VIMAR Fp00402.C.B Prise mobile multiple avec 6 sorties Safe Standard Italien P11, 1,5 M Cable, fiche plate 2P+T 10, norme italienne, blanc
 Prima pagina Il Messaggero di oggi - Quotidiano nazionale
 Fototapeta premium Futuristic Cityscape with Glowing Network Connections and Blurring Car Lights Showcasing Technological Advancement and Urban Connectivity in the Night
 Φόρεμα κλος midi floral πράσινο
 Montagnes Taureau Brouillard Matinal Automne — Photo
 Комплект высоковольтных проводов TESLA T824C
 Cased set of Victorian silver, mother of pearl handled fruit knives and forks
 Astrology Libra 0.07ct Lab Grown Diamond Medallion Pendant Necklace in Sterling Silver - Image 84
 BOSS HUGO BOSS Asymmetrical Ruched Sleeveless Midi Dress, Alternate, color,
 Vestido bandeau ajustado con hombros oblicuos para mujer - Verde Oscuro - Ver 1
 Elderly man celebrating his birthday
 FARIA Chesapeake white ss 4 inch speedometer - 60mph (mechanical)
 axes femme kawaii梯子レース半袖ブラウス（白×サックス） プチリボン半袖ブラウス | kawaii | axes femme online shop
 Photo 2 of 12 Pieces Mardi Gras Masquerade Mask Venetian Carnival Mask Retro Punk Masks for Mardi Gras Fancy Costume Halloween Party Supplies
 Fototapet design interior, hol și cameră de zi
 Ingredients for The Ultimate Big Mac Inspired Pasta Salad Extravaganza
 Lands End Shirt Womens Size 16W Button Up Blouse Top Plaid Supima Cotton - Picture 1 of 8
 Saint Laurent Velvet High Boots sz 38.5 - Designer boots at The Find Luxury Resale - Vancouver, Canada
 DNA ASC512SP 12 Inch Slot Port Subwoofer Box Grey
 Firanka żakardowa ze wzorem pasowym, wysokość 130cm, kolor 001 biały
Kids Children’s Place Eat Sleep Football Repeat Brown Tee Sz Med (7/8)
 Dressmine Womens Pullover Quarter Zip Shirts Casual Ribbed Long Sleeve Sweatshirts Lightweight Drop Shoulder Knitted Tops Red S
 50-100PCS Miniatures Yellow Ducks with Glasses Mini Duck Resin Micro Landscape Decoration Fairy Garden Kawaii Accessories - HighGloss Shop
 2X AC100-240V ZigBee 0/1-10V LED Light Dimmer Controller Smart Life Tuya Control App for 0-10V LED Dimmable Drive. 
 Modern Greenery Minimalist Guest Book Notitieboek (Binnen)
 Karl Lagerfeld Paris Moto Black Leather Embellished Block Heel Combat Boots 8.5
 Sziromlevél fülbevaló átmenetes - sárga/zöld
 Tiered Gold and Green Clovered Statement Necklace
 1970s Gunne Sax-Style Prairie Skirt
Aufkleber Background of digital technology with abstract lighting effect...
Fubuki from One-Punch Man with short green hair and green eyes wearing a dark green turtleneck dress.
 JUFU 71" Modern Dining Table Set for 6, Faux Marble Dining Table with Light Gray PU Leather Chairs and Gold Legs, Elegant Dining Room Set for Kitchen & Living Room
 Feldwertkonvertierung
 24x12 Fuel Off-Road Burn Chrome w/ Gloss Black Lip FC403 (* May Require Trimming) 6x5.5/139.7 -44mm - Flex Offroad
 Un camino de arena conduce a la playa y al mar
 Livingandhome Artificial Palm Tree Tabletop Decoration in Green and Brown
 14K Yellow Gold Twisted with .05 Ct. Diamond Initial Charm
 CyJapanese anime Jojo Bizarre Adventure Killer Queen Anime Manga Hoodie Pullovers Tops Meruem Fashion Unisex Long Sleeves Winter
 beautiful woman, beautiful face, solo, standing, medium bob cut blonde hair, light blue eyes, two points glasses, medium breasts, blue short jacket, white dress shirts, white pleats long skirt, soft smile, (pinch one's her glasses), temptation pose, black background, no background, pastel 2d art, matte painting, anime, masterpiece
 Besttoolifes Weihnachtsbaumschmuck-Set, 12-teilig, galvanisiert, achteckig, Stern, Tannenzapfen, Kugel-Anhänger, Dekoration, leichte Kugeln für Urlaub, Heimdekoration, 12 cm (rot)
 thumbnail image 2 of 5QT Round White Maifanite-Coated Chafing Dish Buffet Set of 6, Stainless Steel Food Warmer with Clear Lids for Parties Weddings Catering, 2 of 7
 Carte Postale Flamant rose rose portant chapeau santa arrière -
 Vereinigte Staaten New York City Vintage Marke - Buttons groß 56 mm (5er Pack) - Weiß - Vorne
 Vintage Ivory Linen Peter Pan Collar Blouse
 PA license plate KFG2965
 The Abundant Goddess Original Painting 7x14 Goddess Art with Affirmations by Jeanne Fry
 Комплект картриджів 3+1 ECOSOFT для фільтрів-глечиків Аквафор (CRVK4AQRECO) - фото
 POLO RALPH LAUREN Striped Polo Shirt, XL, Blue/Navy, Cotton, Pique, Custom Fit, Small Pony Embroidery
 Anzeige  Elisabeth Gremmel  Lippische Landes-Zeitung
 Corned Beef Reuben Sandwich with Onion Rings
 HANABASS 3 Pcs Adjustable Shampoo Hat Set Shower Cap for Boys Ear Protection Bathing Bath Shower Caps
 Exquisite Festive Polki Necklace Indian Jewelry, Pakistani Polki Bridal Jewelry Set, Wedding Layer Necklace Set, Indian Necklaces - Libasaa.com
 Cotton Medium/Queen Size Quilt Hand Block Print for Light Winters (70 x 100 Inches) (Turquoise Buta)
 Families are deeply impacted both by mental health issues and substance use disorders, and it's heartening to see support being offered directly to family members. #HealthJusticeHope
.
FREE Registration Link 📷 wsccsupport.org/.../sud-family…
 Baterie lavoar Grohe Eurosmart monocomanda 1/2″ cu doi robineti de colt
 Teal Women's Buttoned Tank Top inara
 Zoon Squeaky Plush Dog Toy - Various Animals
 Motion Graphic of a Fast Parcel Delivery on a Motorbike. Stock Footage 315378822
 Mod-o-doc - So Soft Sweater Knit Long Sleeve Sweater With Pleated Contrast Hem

+--

• Your task
Within the listing, how many lines hold "Necklace"? Write only that number.

• Response box
3